Though no role or department within newspaper organizations has been sheltered from change brought on by the challenged economy and introduction of “new media,” those in circulation have perhaps been the most burdened by not only doing more with less, but doing new and more with less. The entire job description has been revised. “[Circulation] is a big discipline and deserves a deep dive,” said Joe Leong, vice president, circulation, Albuquerque Publishing Company.
Leong said that he’s worked for cutting-edge media companies throughout his career, so he’s accustomed to a dynamic culture. Even so, he recalled recent years as being particularly transformative for circulation professionals.
“The main responsibility was to distribute the newspaper, and now the circulation executive needs to absolutely have fundamental operational skills, but also digital skills,” he said. “And they also need marketing and sales skills, and they need financial skills, and IT skills to be able to understand the data. … It’s a brand new discipline, and it’s a brand new person who will be successful in it.”

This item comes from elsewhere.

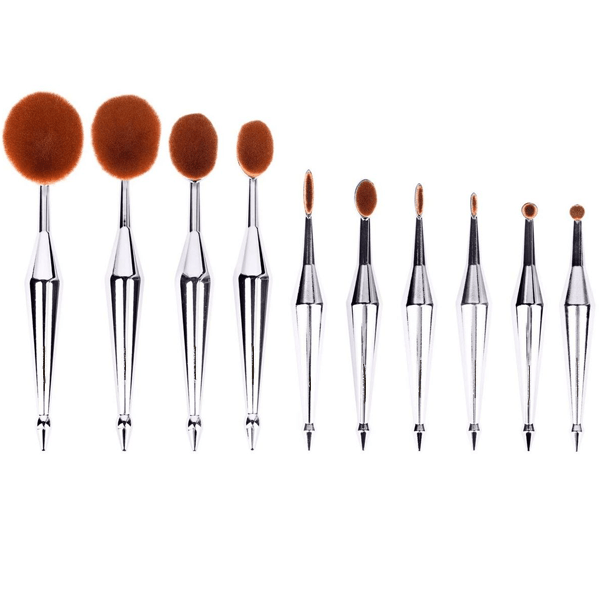 10 Piece Silver Oval Brush Set – Metallic Precision Blending-My Makeup Brushset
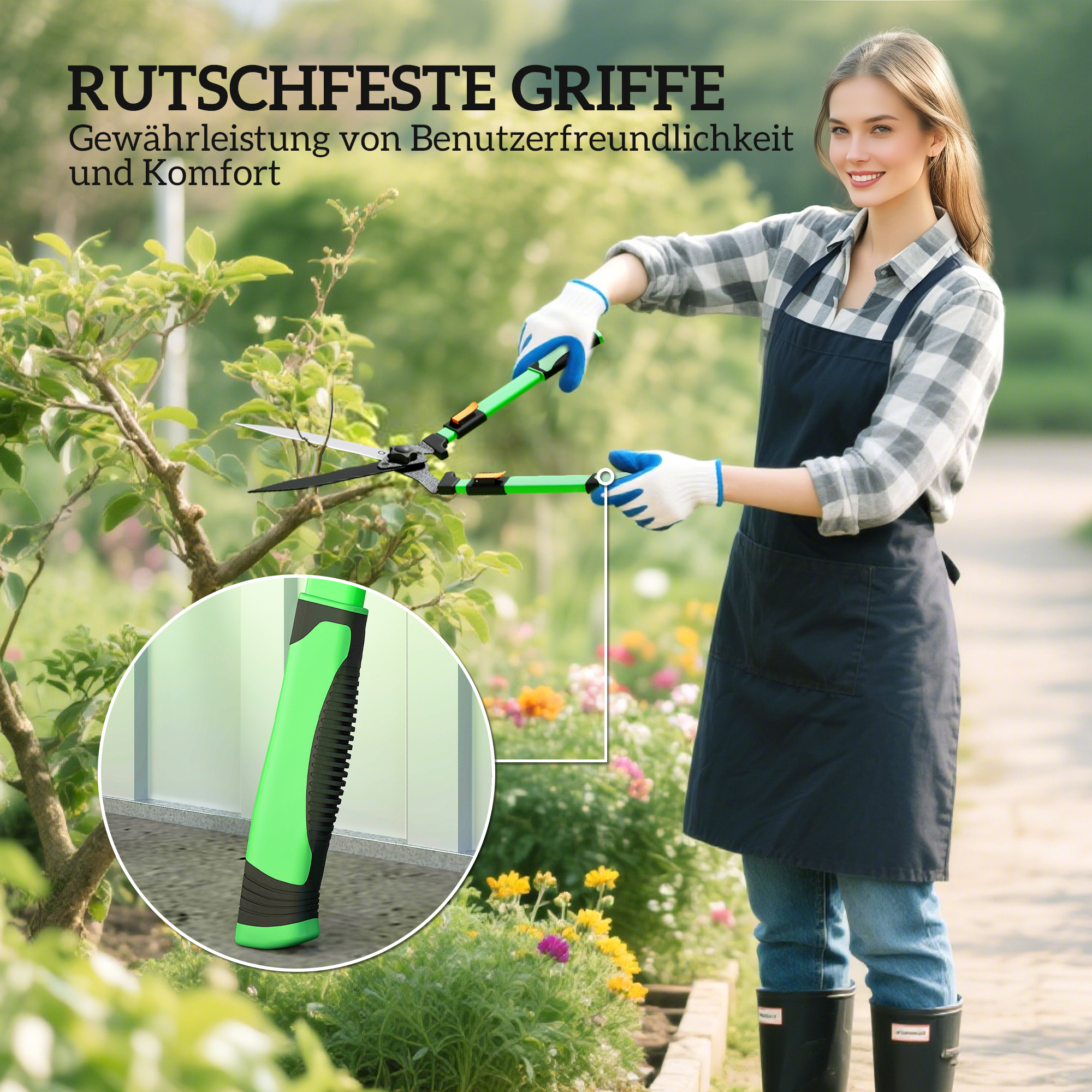 Heckenschere Set 2-teilig Gartenschere Messerlänge 90 cm Astschere mit Metallklingen, ausziehbarer Griff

Todd Benz is a seasoned newspaper veteran who serves as Halifax Media Group’s director of circulation. “When I started many years ago, circulation was the department responsible for driving those white vans around and dropping off bundles of papers. That was their role,” Benz recalled.
“That role has since evolved from one that’s service-driven to one that’s marketing-driven now. We’re no longer simply ‘circulation;’ we’re ‘audience development.’ And while we still have the responsibility of driving the white vans and dropping off bundles of papers, it’s more complex now and circulation departments must transform themselves into marketing-driven organizations if they’re going to be successful today.”
Bridging the Gap
In a relative blink of an eye, the circulation landscape was completely altered, leaving even those who had built successful careers reeling. The result was a considerable skills gap and an industry-wide dilemma about how best to retrain the circulation labor force, and how to attract new talent.
Lee suggested that one of the greatest challenges to professional development—and to hiring managers—is finding good people who have all the skills needed to bridge operations and sales and marketing. “It’s becoming much more of a marketing job—analyzing the markets, understanding where audiences are and can be, and then cross-marketing effectively, based on demographics and buying patterns,” he explained.
According to Leong, as publishers seek to grow readership and tap new audiences for a diverse array of publications and platforms, there becomes greater need for cooperation between once-autonomous departments and functions, like advertising sales, public relations, and marketing. And the lines between those disciplines are hence blurred. Within his own department, Leong said that he’s hired top-notch pros in specialized roles—an advertising sales person recently, as well as a financial analyst and budget specialist, who work hand-in-hand with others who are adept at managing daily operations.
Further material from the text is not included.